> **MATERIAL PROVIDED**:
:::::

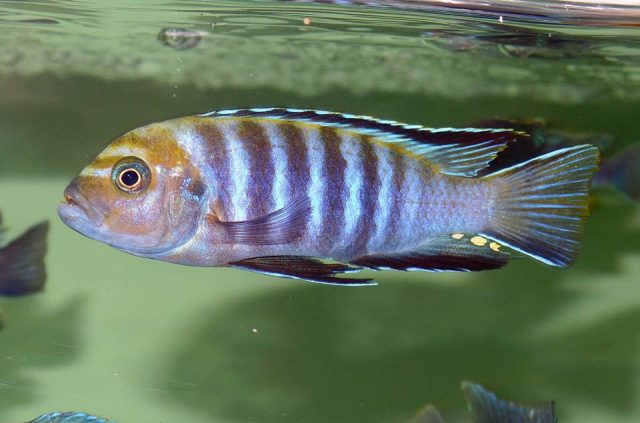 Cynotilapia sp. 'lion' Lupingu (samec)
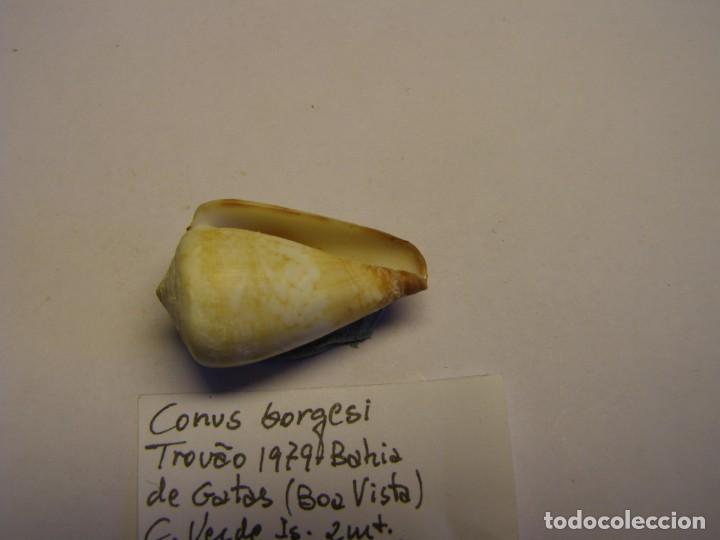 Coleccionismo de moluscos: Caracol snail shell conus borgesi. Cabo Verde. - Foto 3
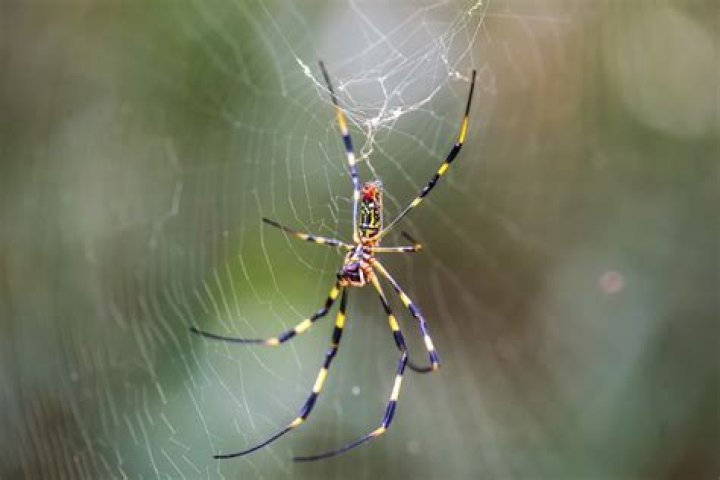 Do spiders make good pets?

:::::

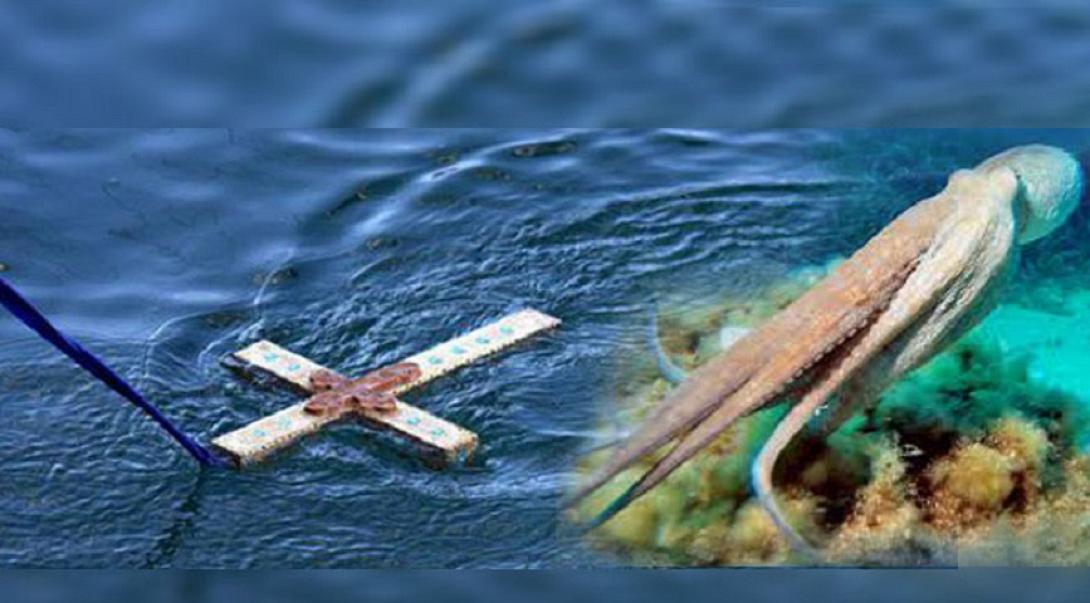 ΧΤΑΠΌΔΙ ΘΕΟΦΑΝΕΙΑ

:::::

> **WHAT THE TASK ASKS**:
Copy the lines above between the one holding "Coleccionismo de moluscos: Caracol" and the one holding "Do spiders make good pets?", inclusive. Drop the pictures.

> **WRITTEN RESPONSE**:
 Coleccionismo de moluscos: Caracol snail shell conus borgesi. Cabo Verde. - Foto 3
 Do spiders make good pets?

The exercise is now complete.